SAN FRANCISCO (AP) — Pacific Gas & Electric cut power Saturday to about 1,600 customers in Northern California to reduce risk of wildfires amid windy, dry and warming weather conditions that raised the year’s first red flag warnings.

The utility said it began cutting power at 6 a.m. to portions of Napa, Solano and Yolo counties, an area northeast of the San Francisco Bay region.

The company also announced in advance that it may have to cut power to 30,000 customers in Butte, Yuba, Nevada, El Dorado and Placer counties.

Conditions ripe for fire — winds, low humidity, dry vegetation and heat — were expected to last into today.
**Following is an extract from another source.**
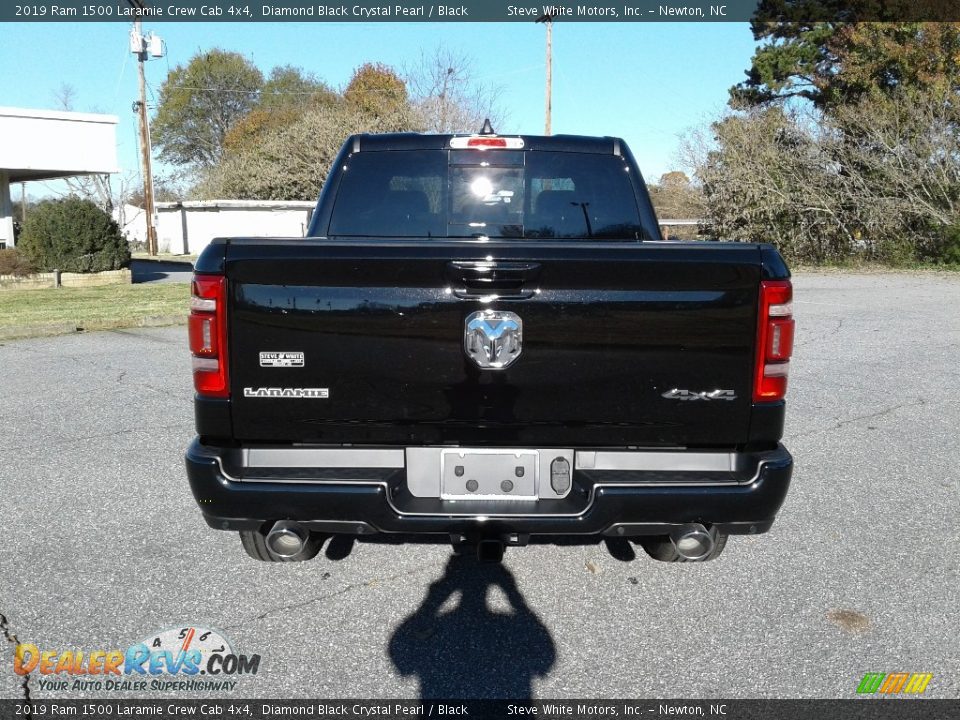 2019 Ram 1500 Laramie Crew Cab 4x4 Diamond Black Crystal Pearl / Black Photo #7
The National Weather Service said a station north of Sonoma reported gusts to 50 mph Saturday.

PG&E is under pressure to prevent fire starts after downed power lines and other equipment have been blamed for conflagrations that began during so-called fire weather.
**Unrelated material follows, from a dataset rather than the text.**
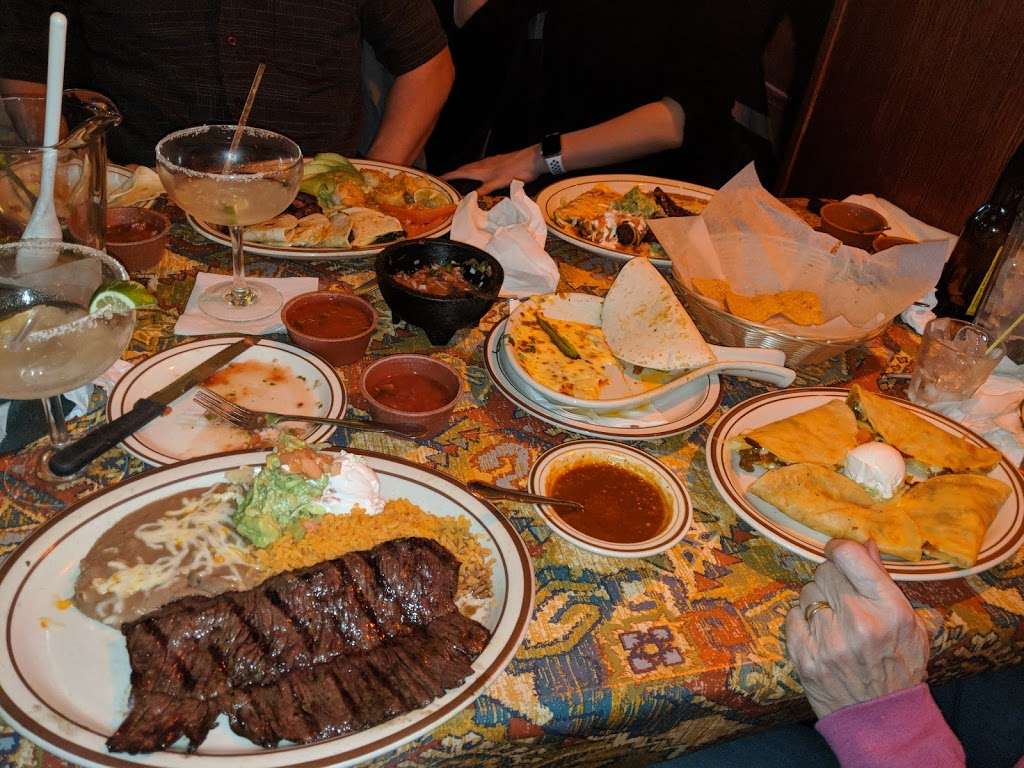 La Mex | 3157 W Jefferson St, Joliet, IL 60435, USA | Phone: (815) 729-2686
But there has been opposition from customers who rely on electrically powered life-support equipment as well as businesses that have had to shut down for lack of power.
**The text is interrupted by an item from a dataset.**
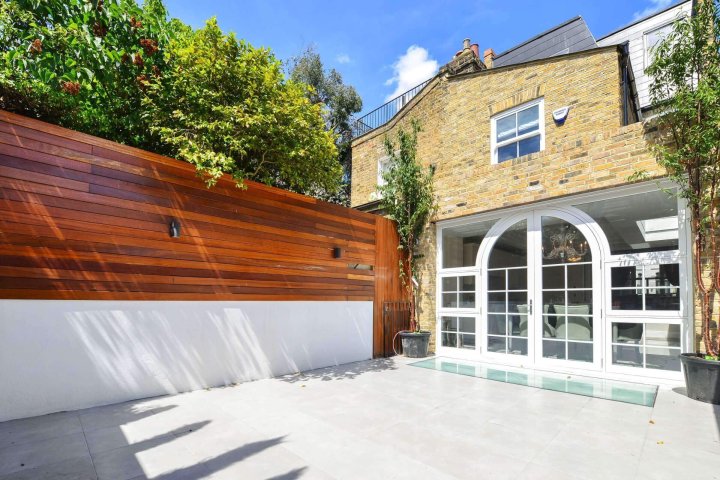 Bettridge Road, Parsons Green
“We know how much our customers rely on electric service, and our decision tonight to turn off power is to protect our communities experiencing extreme fire danger,” Michael Lewis, PG&E’s senior vice president of electric operations, said in a statement Friday.

California experienced a very wet winter and spring, and even vast areas that were scorched earth after last year’s wildfires now have new head-high brush that is rapidly browning as summer approaches.

A Friday afternoon grass fire near the Solano County community of Fairfield forced people out of about 50 homes, but firefighters held it to 24 acres without any structures lost and evacuations were lifted.

A wildfire near Interstate 5 in Stanislaus County grew to nearly 1 square mile but it was 75 percent contained Saturday, according to the California Department of Forestry and Fire Protection.